Work to be completed:
Within the records below, filter for lines carrying the word "table" and copy them.

--- Given entries Enclosed Below ---

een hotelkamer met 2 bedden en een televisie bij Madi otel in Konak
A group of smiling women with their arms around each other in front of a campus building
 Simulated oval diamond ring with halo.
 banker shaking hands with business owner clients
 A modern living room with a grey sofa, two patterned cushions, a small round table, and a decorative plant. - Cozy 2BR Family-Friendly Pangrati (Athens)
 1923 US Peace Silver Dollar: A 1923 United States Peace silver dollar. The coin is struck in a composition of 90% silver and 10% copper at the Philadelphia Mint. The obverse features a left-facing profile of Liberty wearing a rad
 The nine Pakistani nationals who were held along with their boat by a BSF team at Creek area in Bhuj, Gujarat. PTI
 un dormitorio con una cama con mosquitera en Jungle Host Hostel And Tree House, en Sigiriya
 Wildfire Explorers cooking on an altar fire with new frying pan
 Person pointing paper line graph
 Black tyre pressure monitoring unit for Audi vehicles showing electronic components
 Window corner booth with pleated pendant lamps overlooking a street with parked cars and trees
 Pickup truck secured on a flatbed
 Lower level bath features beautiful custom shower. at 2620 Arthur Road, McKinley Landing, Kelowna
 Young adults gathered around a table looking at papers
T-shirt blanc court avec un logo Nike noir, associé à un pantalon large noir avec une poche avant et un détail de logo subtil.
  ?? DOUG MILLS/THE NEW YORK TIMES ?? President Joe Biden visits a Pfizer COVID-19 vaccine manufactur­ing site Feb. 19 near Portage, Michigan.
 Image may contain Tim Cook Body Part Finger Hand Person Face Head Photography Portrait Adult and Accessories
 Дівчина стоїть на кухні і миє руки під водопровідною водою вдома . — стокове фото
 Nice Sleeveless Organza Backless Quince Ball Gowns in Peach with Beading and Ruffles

--- End of Enclosed Given entries ---

Output for this exercise:
 A modern living room with a grey sofa, two patterned cushions, a small round table, and a decorative plant. - Cozy 2BR Family-Friendly Pangrati (Athens)
 Young adults gathered around a table looking at papers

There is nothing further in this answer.